Inter-rater reliability among multiple raters when subjects are rated by different pairs of subjects

In this post, I like to briefly address an issue that researchers have contacted me about on many occasions.  This issue can be described as follows:
  • You want to evaluate the extent of agreement among 3 raters or more.
  • For various practical reasons, the inter-rater reliability experiment is designed in such a way that only 2 raters are randomly assigned to each subject.  For each subject, a new pair of raters is independently chosen from the same pool of several raters. Consequently, each subject gets 2 ratings from a pair of raters that could vary from subject to subject.
Note that most inter-rater reliability coefficients found in the literature are based upon the assumption that each subject must be rated by all raters.  This ubiquitous fully-crossed design may prove impractical if rating costs are prohibitive.  The question now becomes, what coefficient to use for evaluating the extent of agreement among multiple raters when only 2 of them are allowed to rate a specific subject.
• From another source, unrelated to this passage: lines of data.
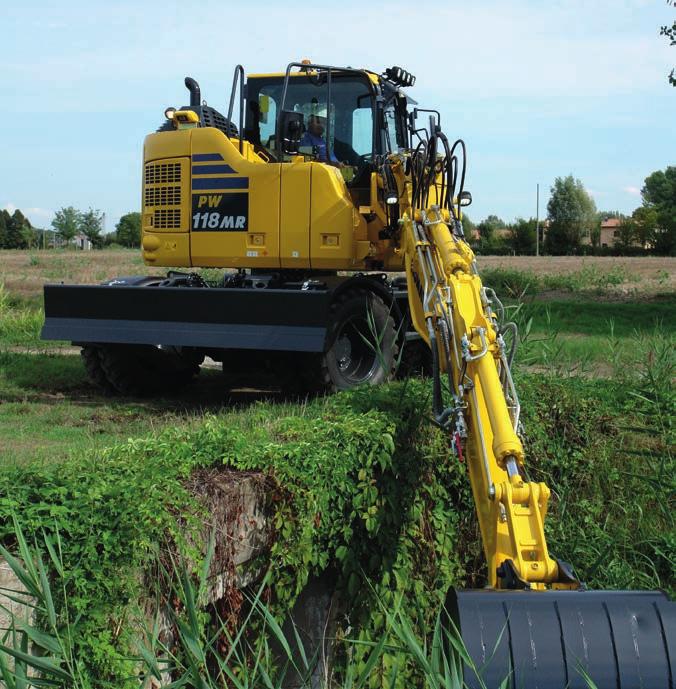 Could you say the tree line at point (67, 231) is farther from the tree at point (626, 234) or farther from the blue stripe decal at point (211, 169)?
the blue stripe decal at point (211, 169)

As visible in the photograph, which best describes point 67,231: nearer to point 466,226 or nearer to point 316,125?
point 466,226

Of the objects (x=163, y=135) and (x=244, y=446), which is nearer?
(x=244, y=446)

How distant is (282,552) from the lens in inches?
211

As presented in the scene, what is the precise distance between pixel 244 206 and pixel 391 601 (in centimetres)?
430

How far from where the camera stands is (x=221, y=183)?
923cm

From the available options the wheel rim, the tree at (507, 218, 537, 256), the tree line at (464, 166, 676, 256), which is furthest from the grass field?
the tree at (507, 218, 537, 256)

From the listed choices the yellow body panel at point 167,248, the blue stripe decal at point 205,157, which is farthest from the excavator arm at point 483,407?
the yellow body panel at point 167,248

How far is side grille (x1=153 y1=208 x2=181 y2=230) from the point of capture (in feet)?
31.2

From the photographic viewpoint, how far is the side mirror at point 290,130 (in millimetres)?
9023

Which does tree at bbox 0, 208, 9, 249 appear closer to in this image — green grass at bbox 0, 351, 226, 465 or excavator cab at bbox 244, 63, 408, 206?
green grass at bbox 0, 351, 226, 465

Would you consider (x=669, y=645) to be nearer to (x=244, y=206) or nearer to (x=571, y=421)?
(x=571, y=421)

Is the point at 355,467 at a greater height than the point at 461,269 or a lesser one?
lesser

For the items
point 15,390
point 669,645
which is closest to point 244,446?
point 669,645

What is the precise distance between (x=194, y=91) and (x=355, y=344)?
120 inches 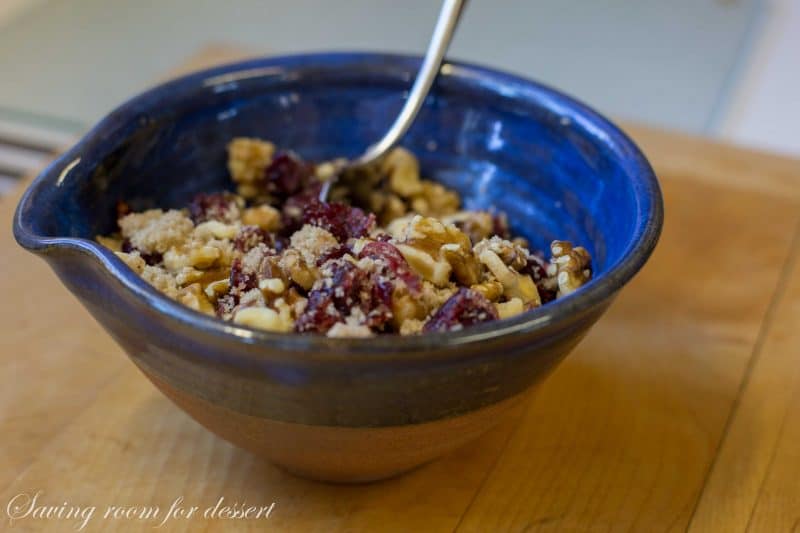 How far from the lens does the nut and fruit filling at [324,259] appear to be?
0.53 metres

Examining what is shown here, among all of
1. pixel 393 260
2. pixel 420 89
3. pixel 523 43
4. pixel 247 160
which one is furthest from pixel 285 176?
pixel 523 43

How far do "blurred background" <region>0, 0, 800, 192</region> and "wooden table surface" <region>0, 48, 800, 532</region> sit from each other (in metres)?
0.70

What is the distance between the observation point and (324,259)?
1.94 ft

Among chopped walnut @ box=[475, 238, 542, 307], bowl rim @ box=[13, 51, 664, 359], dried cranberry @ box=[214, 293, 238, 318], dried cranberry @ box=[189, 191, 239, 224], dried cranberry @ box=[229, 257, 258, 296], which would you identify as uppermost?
bowl rim @ box=[13, 51, 664, 359]

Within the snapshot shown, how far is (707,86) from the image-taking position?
1534 millimetres

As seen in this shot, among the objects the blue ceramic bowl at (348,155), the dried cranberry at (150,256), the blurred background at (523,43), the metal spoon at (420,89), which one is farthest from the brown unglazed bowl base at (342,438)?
the blurred background at (523,43)

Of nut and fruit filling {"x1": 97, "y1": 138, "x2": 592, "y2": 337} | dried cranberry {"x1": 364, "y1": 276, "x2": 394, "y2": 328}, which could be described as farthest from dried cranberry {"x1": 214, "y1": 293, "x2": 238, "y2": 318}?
dried cranberry {"x1": 364, "y1": 276, "x2": 394, "y2": 328}

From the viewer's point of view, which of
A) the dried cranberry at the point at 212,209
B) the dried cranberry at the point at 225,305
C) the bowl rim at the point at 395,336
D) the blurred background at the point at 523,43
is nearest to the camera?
the bowl rim at the point at 395,336

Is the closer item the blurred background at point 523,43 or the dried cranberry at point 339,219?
→ the dried cranberry at point 339,219

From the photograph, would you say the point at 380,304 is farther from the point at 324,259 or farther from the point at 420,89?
the point at 420,89

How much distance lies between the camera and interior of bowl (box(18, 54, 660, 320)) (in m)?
0.67

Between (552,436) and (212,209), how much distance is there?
13.3 inches

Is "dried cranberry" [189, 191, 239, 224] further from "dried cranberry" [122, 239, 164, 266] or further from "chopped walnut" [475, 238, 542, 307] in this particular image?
"chopped walnut" [475, 238, 542, 307]

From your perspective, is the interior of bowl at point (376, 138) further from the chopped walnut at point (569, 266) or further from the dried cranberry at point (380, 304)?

The solution to this problem is actually quite simple and does not involve any new coefficient not already available in the literature. It consists of using your coefficient of choice, and calculating the agreement coefficient as if the ratings were all produced by the exact same pair of raters. It is the interpretation of its magnitude that is drastically different from what it would be if only 2 raters had actually participated in the experiment.  If the ratings come from 2 raters only then the standard error associated with the coefficient will be smaller than if the ratings came from 5 raters or more grouped in pairs. In the latter case, the coefficient is subject to an additional source of variation due to the random assignment of raters to subject that must be taken into consideration. I prepared an unpublished paper on this topic entitled "An Evaluation of the Impact of Design on the Analysis of Nominal-Scale Inter-Rater Reliability Studies" which interested readers may want to download for a more detailed discussion of this interesting topic.

1 comment:

  1. Thanks a lot for this very useful contribution! Is there reusable code somewhere to compute the CIs? Thanks!